* **Task instructions**: What is needed is an exact copy of the lines in the listing below, from the one with "Fly London Damen" up to and including the one with "Izod Boys School", with no other lines.
++++ Records for the task ++++
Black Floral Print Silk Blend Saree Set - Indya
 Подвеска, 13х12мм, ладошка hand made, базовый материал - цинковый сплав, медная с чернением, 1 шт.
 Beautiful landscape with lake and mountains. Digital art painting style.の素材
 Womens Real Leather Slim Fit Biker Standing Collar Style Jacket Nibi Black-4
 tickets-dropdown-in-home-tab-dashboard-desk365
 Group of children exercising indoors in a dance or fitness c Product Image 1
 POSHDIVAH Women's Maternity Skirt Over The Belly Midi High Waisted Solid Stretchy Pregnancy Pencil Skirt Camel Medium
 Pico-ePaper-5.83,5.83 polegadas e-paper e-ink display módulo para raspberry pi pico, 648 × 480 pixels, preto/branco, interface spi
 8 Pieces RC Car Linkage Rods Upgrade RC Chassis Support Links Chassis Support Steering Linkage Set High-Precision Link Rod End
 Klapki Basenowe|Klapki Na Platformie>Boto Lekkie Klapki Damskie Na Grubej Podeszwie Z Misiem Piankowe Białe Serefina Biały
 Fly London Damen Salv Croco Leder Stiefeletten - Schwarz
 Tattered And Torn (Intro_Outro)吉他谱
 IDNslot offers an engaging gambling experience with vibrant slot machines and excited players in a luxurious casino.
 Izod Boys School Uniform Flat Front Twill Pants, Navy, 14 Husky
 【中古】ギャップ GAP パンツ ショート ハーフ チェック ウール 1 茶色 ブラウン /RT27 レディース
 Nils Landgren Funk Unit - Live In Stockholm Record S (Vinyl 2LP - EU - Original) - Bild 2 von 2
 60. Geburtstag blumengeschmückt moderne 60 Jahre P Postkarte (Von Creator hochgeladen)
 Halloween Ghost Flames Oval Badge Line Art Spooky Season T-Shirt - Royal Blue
++++
* **Answer to this problem**:
 Fly London Damen Salv Croco Leder Stiefeletten - Schwarz
 Tattered And Torn (Intro_Outro)吉他谱
 IDNslot offers an engaging gambling experience with vibrant slot machines and excited players in a luxurious casino.
 Izod Boys School Uniform Flat Front Twill Pants, Navy, 14 Husky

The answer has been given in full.